First, let’s implement etna-model that fits separate model per each segment.

[25]:

class LGBMPerSegmentModel(SklearnPerSegmentModel):
    def __init__(
        self,
        boosting_type="gbdt",
        num_leaves=31,
        max_depth=-1,
        learning_rate=0.1,
        n_estimators=100,
        **kwargs,
    ):
        self.boosting_type = boosting_type
        self.num_leaves = num_leaves
        self.max_depth = max_depth
        self.learning_rate = learning_rate
        self.n_estimators = n_estimators
        self.kwargs = kwargs
        model = LGBMRegressor(
            boosting_type=self.boosting_type,
            num_leaves=self.num_leaves,
            max_depth=self.max_depth,
            learning_rate=self.learning_rate,
            n_estimators=self.n_estimators,
            **self.kwargs,
        )
        super().__init__(regressor=model)


class LGBMMultiSegmentModel(SklearnMultiSegmentModel):
    def __init__(
        self,
        boosting_type="gbdt",
        num_leaves=31,
        max_depth=-1,
        learning_rate=0.1,
        n_estimators=100,
        **kwargs,
    ):
        self.boosting_type = boosting_type
        self.num_leaves = num_leaves
        self.max_depth = max_depth
        self.learning_rate = learning_rate
        self.n_estimators = n_estimators
        self.kwargs = kwargs
        model = LGBMRegressor(
            boosting_type=self.boosting_type,
            num_leaves=self.num_leaves,
            max_depth=self.max_depth,
            learning_rate=self.learning_rate,
            n_estimators=self.n_estimators,
            **self.kwargs,
        )
        super().__init__(regressor=model)
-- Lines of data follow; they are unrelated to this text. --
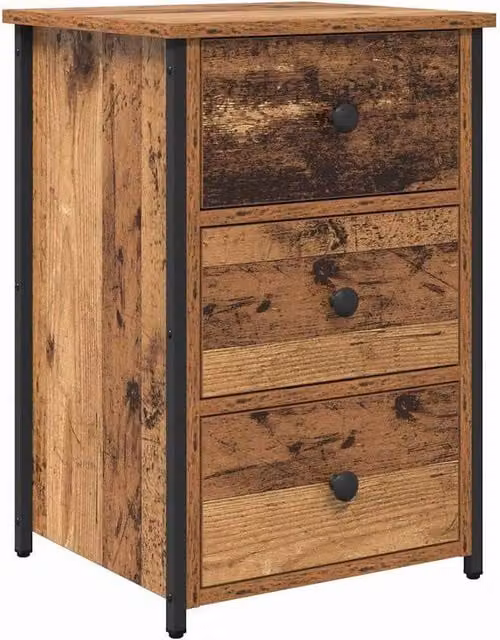 Berkfield Home Old Wood Rustic Table in Brown with Metal and MDF Construction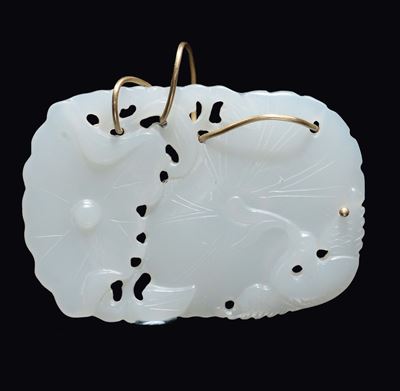 Pendente in Giada Bianca a Guisa di Fiore di Loto, Cina, Dinastia Qing, XIX Secolo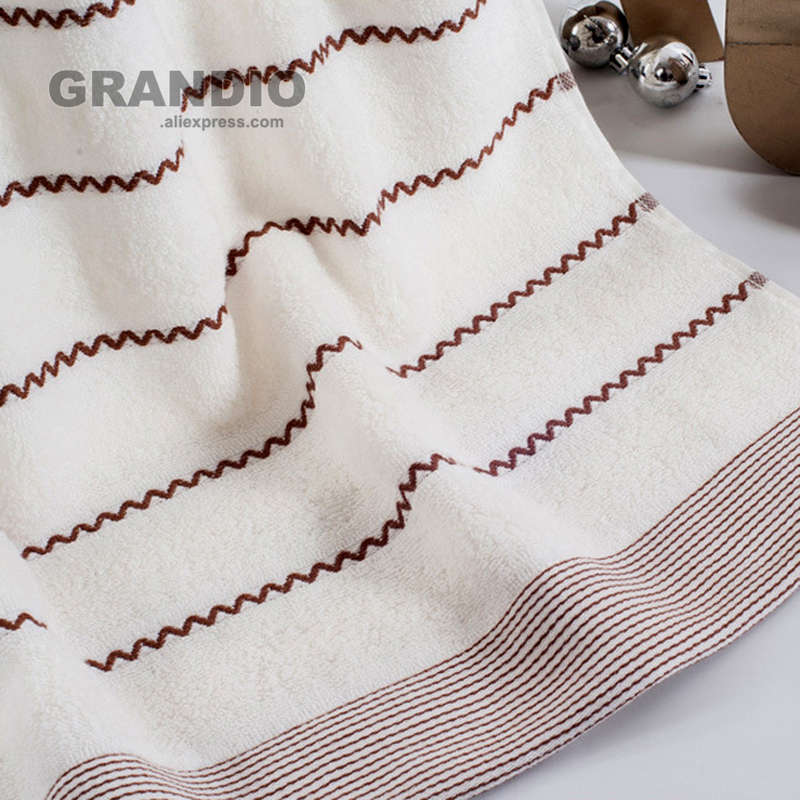 Bomuldsbadehåndklæde til voksne hvidbrun mørkegrå bølgemønster hånd sport ansigt håndklæde absorberende frottéhåndklæder indstillet til badeværelse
Let’s try to recreate results of LGBMModel using LGBMMultiSegmentModel.

[26]:

model = LGBMMultiSegmentModel(random_state=42)
pipeline = Pipeline(model=model, transforms=transforms, horizon=HORIZON)
metrics_df_multi_segment, forecast_df, _ = pipeline.backtest(ts=ts, metrics=[MAE()], n_folds=3)

[Parallel(n_jobs=1)]: Using backend SequentialBackend with 1 concurrent workers.
[Parallel(n_jobs=1)]: Done   1 out of   1 | elapsed:  2.8min remaining:    0.0s
[Parallel(n_jobs=1)]: Done   2 out of   2 | elapsed:  8.3min remaining:    0.0s
[Parallel(n_jobs=1)]: Done   3 out of   3 | elapsed: 13.0min remaining:    0.0s
[Parallel(n_jobs=1)]: Done   3 out of   3 | elapsed: 13.0min finished

Let’s look at the results.

[27]:

plot_backtest(forecast_df=forecast_df, ts=ts, history_len=50)
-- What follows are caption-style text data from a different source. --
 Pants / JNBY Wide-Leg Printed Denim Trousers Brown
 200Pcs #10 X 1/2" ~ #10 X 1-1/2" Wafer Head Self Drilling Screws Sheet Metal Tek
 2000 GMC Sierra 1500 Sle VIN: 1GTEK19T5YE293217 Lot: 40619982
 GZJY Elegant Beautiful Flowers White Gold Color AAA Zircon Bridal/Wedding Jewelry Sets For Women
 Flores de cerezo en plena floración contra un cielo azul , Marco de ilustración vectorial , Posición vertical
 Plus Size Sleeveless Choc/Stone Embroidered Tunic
../_images/tutorials_custom_transform_and_model_55_0.png

As we can see, the results are a little bit different. Let’s check this manually by looking at the values.

[28]:

metrics_df.head()

[28]:

	segment	MAE	fold_number
0	segment_a	22.633598	0
0	segment_a	35.034894	1
0	segment_a	35.003214	2
1	segment_b	22.285198	0
1	segment_b	16.546921	1

[29]:

metrics_df_multi_segment.head()

[29]:

	segment	MAE	fold_number
0	segment_a	23.121324	0
0	segment_a	34.062925	1
0	segment_a	34.721675	2
1	segment_b	25.587469	0
1	segment_b	13.960903	1

Why do we see this difference? In LGBMModel we have a special handling of categorical features, but in LGBMMultiSegmentModel we doesn’t have it, because etna.models.SklearnMultiSegmentModel doesn’t implement this logic with categorical features.
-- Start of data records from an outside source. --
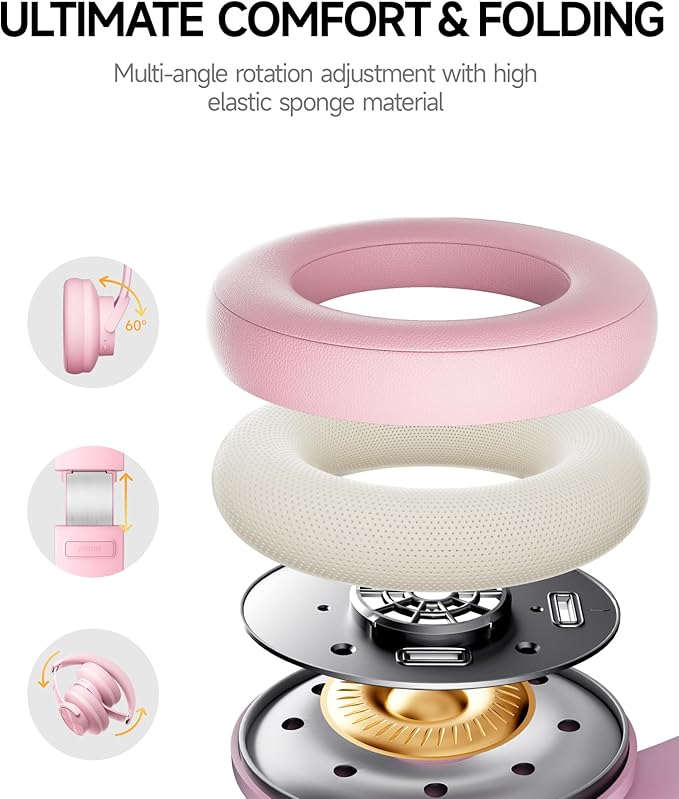 Picun B8 Headphones Wireless Bluetooth, 120H Bluetooth Headphone Over Ear with 3EQ Music Modes, Hands-Free Calls, Deep Bass Headphones for Travel Home Office Cellphone PC (Pink)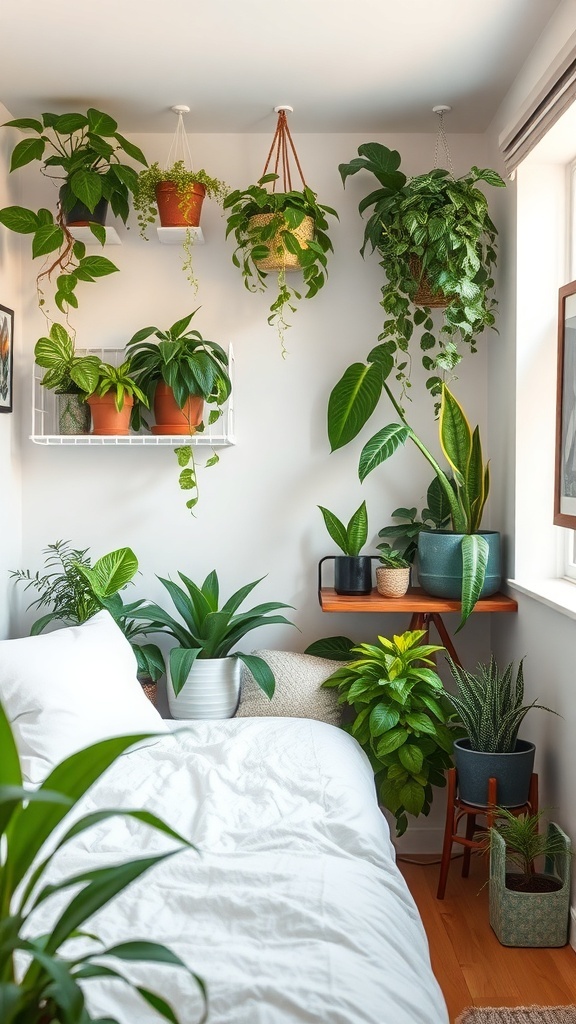 A cozy bedroom nook with various indoor plants, including hanging and potted greenery.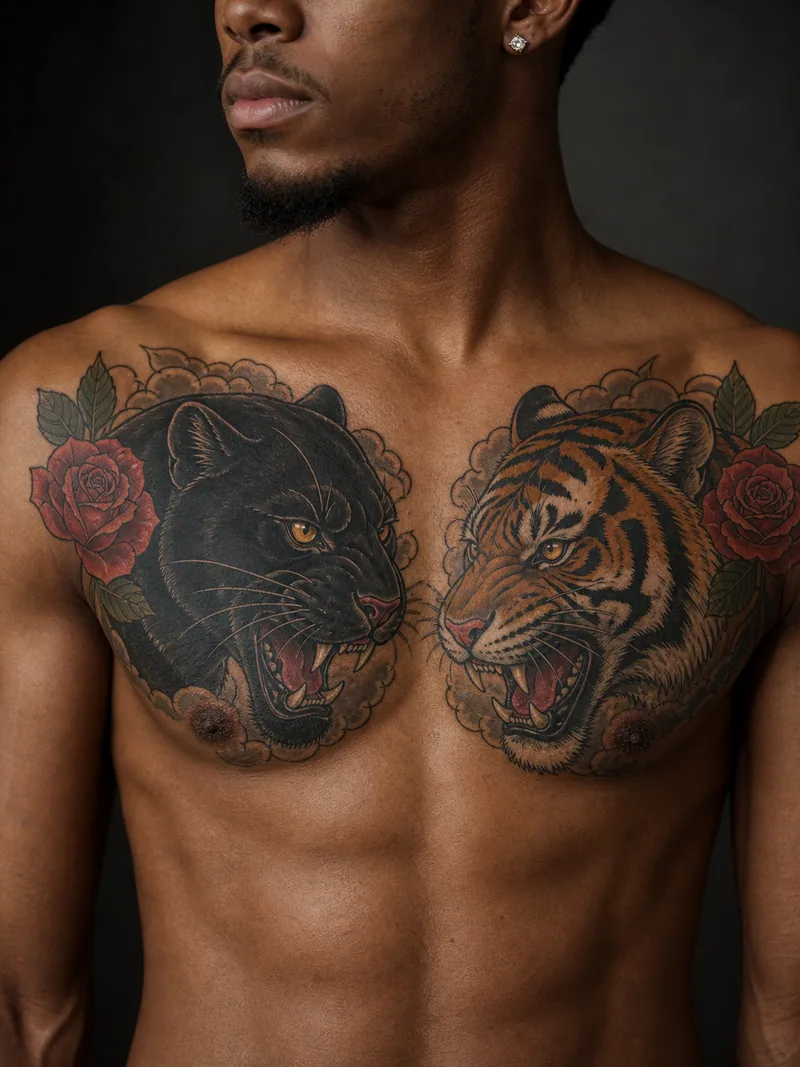 Panther and tiger chest tattoo - black panther and tawny tiger facing inward with red roses near the shoulders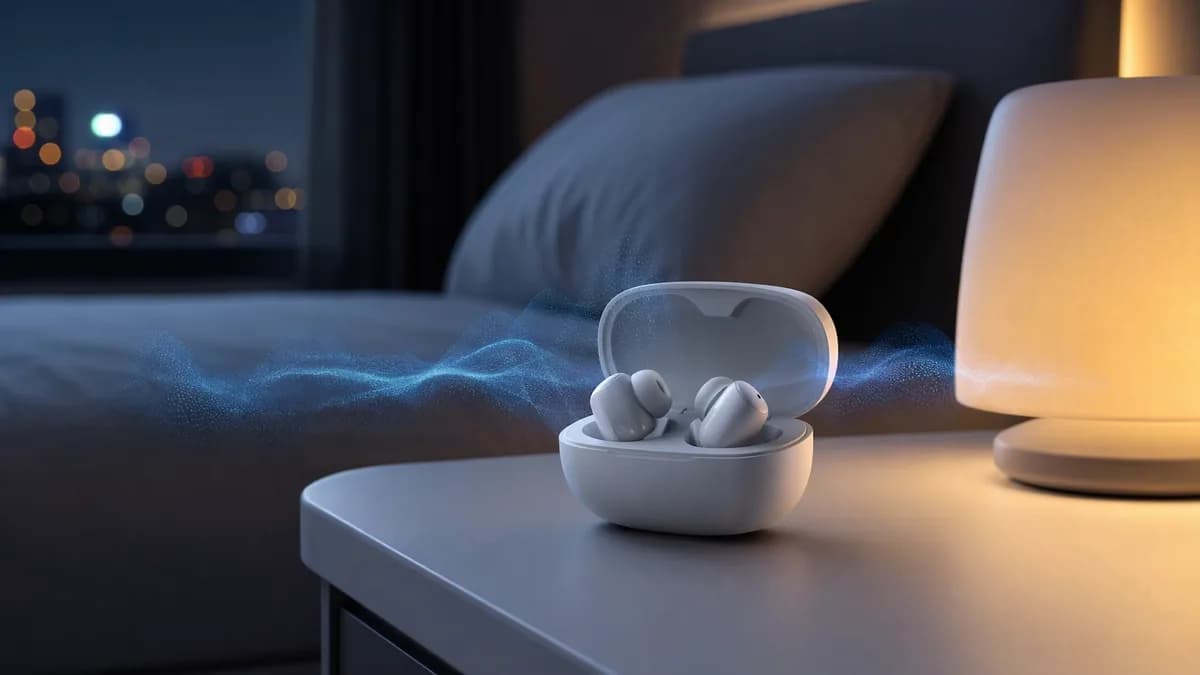 Unbranded sleep earbuds in a charging case on a calm tech-inspired bedside table at night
As you can see, etna.models.SklearnPerSegmentModel and etna.models.SklearnMultiSegmentModel have some limitations, but they should cover a lot of cases.

This raises a question: what if I want to implement per-segment logic manually with handling categorical features like in LGBMModel? A good reference for such a task will be the implementations of etna.models.CatBoostPerSegmentModel and etna.models.CatBoostMultiSegmentModel. There we use special mixins for per-segment/multi-segment logic.

If you want to add you model to the library don’t forget to write the necessary tests and documentation. Good luck!